The Most Common Camping Mistakes

Camping can be a super fun activity, but there are also a lot of opportunities for mistakes. Camping requires a lot of equipment, knowledge, and skills that beginners may neglect to bring or learn. You will probably want to avoid as many mistakes as you can so that you can enjoy your camping trip and not have to deal with a bunch of problems.

Many camping mistakes are common, and beginners may continue making them for a long time. Knowing about the most common camping mistakes can help you to avoid making them and potentially ruining your camping trip. So, here are some of the most common mistakes that people make while camping.

Wearing the Wrong Clothes

When camping, wearing the wrong clothes can, at best, make you a bit uncomfortable. At worst, you may end up sick, sunburnt, blistered, or worse. Living in a tent and spending lots of time outside are going to require different clothes than just lounging around the house or going to work in an office.

The right camping clothes depend on the kind of weather you’re dealing with. Bundle up if it is cold or wear light, loose fitting clothes if it is hot. Layering correctly based on the temperature and level of activity is key. If the weather turns wet, the right rain gear and boots can keep the fun going.

It is also good to make sure that your clothes are comfortable and fit you well. Ill-fitting clothes can make you chafe. Brand new hiking shoes or boots can cause blisters if worn all day.

Finally, wear clothes that are durable and don’t mind getting dirty. You are out in nature, so some of it is bound to end dirtying or even damaging your clothes. Shoes can easily get covered in mud. Pant seams can rip climbing rocks. Shirts can get caught on branches. Don’t bring your designer jeans into the woods with you.

Bringing Too Much

While it is important to be prepared when you go on your camping trip, some people have a tendency to overprepare and bring way too much stuff on the camping trip. It is important that you carefully consider everything that you are planning to bring. Try to only bring things that you are going to need or things that you may need in an emergency. Packing too much stuff can be a big hassle when you start trying to figure out how to find space and transport all of it.

While you’re on a camping trip, it may be a good idea to take note of the things you brought that you didn’t really need. If there is something that you brought that you didn’t need, you may consider leaving it off the packing list next time you go camping. If you go camping frequently, you’ll eventually be able to have a perfect list of all the essential things that you need to bring and know everything that isn’t necessary for you to have while camping.

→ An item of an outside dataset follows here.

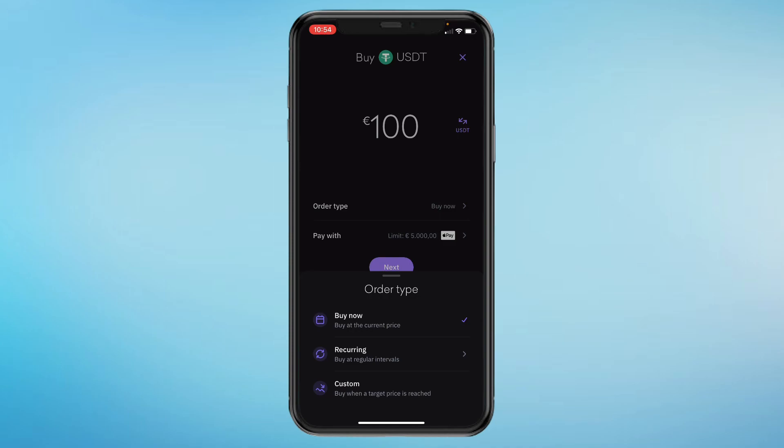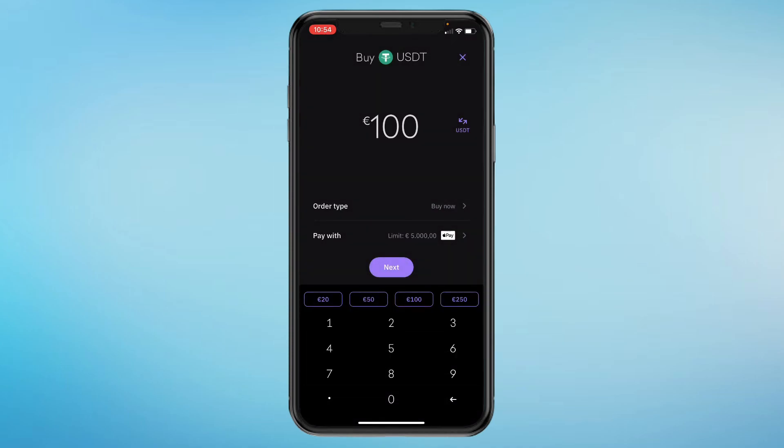The order type is currently set to Buy Now, which means it will buy at the current price. You can also do Recurring — for example, buy 10 euros per week automatically — or Custom, where you set the price at which you want to buy. I'll just keep it at Buy Now and click Next.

Experienced backpackers apply these practices and invest in smaller and lighter gear. Backpacking gear can be expensive, but may give you some options if packing for a large family and there just isn’t any room in the car for the giant sleeping bags and tent.

Bringing Too Little

On the other hand, some campers tend to bring too little. Whether it is not packing the right amount of food, batteries, or other things you are going to be using throughout the trip or if you forget some essential items, it is important that you bring everything that you are going to need on your trip. You can find many packing lists for camping online, but not every list is going to have everything that you as an individual need for your trip to a specific campsite.

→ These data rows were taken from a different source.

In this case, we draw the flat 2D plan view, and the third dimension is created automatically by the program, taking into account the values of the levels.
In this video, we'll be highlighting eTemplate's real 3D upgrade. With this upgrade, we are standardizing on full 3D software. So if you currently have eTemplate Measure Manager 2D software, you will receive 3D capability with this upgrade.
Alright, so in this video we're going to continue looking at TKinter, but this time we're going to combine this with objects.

Chances are, on your first camping trip, you’re going to forget something or find out that there was something you needed that you didn’t think to bring. It’s just important that you don’t forget something very important, such as your tent or your food. Take note of anything that you needed that you didn’t bring so that you can put it on your packing list and remember to bring it next time. A seasoned camper will have a complete list of everything that they need to bring and will run through the essentials list prior to departure.

Not Learning About the Area Beforehand

Before you go camping, make sure you learn about the campground and the area that you are going to be camping in. You should learn about the amenities that the campground has to offer so that you know what you’ll need to bring yourself.

Some campgrounds will have bathrooms, but others won’t. Some campgrounds may have a place for you to store food or even a kitchen that you can use. Electricity is something we take for granted but may or not be available at your site. Learn about the campground because the things that it provides may change your packing list.

If you can, take a look at the campsite and its size and proximity to roads, restrooms, water, trails and other campers. Families with little ones may want to be closer to restrooms for those unexpected emergency trips. Introverts may want to find a spot in the most remote areas for extra peace and privacy.

It is also important to know about the local flora and fauna. If an area has poison ivy or poison oak, you are going to want to know that so you can learn to identify it. Getting poison ivy isn’t fun. You also need to know the best ways to protect yourself and your belongings from wild animals. Some areas may have snakes or bears that you need to take precautions to avoid. It is very important that you are aware of these hazards before you leave so that you can be prepared for them.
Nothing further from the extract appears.